[Opening Input data section]

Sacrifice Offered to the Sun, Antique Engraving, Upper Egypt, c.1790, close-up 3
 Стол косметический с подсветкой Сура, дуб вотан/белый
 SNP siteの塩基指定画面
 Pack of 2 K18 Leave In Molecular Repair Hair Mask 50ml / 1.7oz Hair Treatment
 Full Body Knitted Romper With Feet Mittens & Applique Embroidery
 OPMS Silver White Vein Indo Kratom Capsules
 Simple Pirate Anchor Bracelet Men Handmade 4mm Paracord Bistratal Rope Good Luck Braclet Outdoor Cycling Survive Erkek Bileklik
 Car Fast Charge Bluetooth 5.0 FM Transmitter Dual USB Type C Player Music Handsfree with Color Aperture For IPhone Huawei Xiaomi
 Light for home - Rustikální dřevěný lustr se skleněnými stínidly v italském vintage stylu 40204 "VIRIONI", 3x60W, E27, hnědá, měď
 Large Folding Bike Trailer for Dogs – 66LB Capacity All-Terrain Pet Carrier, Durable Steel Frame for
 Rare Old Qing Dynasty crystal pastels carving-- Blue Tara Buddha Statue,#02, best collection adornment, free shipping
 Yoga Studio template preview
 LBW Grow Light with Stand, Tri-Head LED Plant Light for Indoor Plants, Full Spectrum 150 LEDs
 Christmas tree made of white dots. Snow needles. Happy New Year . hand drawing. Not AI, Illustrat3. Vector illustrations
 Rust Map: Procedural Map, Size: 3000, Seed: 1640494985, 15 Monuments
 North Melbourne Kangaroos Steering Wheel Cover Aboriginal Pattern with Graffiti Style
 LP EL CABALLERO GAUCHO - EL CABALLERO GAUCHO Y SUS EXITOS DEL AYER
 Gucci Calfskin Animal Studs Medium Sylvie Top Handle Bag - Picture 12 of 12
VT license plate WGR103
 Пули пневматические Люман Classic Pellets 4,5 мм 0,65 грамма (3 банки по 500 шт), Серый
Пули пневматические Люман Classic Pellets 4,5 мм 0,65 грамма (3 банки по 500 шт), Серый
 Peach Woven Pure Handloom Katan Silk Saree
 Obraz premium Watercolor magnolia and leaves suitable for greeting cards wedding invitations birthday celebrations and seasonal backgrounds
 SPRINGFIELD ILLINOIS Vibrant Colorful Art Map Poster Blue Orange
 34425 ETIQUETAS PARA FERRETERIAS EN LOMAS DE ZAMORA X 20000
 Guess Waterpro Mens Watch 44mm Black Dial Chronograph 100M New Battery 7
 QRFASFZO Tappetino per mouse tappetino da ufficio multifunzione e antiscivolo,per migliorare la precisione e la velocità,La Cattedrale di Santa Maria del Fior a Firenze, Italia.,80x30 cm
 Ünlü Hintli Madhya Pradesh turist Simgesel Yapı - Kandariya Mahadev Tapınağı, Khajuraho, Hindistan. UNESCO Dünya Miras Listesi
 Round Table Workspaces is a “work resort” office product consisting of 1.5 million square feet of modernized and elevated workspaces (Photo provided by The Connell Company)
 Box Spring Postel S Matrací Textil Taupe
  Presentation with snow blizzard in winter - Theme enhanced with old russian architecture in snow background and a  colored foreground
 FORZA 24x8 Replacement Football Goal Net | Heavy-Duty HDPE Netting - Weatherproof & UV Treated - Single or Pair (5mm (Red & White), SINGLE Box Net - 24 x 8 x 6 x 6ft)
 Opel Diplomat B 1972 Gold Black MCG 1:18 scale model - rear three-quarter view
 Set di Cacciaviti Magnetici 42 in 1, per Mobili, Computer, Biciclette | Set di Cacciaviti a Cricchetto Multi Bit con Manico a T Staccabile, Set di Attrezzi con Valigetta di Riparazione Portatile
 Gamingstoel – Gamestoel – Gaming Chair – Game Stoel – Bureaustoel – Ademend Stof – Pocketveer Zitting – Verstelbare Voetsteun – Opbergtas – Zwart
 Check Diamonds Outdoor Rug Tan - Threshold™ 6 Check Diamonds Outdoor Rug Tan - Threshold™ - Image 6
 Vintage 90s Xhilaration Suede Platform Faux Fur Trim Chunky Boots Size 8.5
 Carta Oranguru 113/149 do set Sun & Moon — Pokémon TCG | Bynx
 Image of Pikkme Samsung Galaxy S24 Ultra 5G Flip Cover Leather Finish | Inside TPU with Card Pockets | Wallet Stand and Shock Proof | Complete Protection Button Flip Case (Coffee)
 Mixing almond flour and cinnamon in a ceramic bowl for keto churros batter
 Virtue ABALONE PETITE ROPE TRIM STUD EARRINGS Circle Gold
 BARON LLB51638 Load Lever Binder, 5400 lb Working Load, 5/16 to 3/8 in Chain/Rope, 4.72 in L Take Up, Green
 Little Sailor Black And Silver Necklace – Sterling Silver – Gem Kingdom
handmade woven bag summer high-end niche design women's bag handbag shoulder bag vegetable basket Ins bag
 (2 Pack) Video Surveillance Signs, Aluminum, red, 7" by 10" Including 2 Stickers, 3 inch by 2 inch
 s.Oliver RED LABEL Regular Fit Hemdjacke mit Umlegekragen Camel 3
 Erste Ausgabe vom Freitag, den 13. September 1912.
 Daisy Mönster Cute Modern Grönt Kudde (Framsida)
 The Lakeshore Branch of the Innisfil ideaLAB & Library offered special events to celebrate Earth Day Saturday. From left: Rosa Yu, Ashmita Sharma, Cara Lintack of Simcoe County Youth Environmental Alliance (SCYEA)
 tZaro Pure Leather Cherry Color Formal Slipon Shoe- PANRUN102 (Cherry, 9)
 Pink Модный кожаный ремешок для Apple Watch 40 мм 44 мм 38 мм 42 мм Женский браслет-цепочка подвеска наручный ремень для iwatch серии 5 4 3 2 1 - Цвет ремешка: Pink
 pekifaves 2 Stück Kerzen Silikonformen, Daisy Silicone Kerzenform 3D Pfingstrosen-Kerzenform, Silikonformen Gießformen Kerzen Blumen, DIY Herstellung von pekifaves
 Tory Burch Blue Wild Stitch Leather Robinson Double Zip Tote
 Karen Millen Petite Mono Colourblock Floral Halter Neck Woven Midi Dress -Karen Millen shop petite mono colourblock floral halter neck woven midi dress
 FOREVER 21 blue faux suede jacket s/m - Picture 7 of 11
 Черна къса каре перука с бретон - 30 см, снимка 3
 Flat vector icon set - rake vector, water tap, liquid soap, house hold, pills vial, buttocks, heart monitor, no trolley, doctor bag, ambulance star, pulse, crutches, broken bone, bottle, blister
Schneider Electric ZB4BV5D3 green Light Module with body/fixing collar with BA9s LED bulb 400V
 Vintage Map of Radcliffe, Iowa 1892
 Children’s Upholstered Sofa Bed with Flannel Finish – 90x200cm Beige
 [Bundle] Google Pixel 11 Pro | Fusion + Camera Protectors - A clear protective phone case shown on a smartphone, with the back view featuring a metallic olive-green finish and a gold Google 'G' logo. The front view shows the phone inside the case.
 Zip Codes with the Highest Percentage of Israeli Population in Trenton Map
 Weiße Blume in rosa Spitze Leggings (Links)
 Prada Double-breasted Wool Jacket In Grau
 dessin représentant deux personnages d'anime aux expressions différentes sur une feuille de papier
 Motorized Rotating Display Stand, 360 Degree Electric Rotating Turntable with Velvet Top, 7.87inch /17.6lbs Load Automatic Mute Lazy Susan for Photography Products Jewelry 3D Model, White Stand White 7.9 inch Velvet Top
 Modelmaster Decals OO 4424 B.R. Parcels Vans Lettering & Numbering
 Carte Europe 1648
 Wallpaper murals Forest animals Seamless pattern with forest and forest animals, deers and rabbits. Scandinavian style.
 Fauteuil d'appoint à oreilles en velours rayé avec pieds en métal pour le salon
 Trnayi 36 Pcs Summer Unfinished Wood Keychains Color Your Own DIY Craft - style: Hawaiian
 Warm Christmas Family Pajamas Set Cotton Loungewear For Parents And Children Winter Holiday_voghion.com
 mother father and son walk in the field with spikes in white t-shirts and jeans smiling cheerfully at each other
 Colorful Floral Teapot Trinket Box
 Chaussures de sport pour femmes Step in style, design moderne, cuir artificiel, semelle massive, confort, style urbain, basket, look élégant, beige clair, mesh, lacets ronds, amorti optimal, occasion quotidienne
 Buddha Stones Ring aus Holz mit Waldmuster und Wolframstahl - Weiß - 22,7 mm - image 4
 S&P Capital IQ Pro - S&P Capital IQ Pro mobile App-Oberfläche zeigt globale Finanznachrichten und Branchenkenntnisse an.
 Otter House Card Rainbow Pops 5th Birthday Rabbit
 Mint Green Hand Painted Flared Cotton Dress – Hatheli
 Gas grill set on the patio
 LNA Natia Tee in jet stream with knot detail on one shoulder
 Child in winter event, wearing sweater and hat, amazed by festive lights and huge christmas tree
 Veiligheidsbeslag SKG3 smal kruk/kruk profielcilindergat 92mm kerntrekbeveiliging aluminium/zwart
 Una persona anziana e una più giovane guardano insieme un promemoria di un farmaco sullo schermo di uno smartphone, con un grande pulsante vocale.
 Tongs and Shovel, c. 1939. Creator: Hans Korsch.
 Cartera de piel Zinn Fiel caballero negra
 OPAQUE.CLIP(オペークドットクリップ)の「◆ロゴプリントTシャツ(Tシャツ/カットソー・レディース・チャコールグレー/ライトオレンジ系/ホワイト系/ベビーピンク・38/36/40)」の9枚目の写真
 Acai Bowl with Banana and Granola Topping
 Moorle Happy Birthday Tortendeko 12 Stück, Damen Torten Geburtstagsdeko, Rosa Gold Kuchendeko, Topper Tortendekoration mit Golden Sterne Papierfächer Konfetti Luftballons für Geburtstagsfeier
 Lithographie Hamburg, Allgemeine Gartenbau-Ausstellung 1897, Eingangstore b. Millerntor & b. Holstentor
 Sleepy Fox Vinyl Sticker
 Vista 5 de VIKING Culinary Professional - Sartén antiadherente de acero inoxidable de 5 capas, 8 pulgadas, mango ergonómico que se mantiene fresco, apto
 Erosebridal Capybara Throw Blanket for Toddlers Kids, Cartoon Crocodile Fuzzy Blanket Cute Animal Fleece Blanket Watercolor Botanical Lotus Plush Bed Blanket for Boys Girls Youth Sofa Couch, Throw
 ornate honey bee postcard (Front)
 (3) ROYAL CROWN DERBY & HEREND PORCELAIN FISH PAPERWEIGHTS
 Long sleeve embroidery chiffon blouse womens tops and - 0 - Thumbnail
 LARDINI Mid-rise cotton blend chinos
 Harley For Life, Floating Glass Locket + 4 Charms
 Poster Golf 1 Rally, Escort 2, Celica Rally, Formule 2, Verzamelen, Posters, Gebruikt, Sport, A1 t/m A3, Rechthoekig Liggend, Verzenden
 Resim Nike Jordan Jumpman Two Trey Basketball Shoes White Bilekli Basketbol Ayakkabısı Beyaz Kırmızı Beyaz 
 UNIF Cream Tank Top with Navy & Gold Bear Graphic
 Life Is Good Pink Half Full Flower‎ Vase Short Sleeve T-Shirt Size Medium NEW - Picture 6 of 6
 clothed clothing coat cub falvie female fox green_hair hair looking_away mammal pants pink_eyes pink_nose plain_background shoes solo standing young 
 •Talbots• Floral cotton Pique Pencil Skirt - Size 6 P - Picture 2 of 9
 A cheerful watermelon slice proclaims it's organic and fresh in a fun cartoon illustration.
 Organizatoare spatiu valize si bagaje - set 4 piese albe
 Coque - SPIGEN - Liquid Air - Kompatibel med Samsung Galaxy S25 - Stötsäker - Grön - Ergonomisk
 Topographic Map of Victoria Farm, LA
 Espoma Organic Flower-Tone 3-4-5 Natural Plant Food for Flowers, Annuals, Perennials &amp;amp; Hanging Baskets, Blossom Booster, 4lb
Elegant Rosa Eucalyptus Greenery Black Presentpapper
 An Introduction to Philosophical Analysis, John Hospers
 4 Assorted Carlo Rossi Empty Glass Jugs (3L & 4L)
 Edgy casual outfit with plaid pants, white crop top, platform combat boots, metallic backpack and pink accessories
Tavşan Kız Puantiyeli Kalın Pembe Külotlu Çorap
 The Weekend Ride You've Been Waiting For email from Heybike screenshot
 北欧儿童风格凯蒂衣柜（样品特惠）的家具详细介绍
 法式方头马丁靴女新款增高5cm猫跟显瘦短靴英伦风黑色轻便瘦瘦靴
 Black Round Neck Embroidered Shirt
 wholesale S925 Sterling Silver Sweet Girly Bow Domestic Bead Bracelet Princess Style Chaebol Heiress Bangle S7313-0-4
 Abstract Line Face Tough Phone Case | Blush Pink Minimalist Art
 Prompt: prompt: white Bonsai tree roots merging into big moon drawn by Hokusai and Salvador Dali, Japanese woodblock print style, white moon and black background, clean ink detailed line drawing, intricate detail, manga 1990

[Closing Input data section]

Exercise:
Taking the entries above, write out exactly each line from the one holding "mother father and" to the one holding "Gas grill set on the patio", both included, and stop there.

Response to this exercise:
 mother father and son walk in the field with spikes in white t-shirts and jeans smiling cheerfully at each other
 Colorful Floral Teapot Trinket Box
 Chaussures de sport pour femmes Step in style, design moderne, cuir artificiel, semelle massive, confort, style urbain, basket, look élégant, beige clair, mesh, lacets ronds, amorti optimal, occasion quotidienne
 Buddha Stones Ring aus Holz mit Waldmuster und Wolframstahl - Weiß - 22,7 mm - image 4
 S&P Capital IQ Pro - S&P Capital IQ Pro mobile App-Oberfläche zeigt globale Finanznachrichten und Branchenkenntnisse an.
 Otter House Card Rainbow Pops 5th Birthday Rabbit
 Mint Green Hand Painted Flared Cotton Dress – Hatheli
 Gas grill set on the patio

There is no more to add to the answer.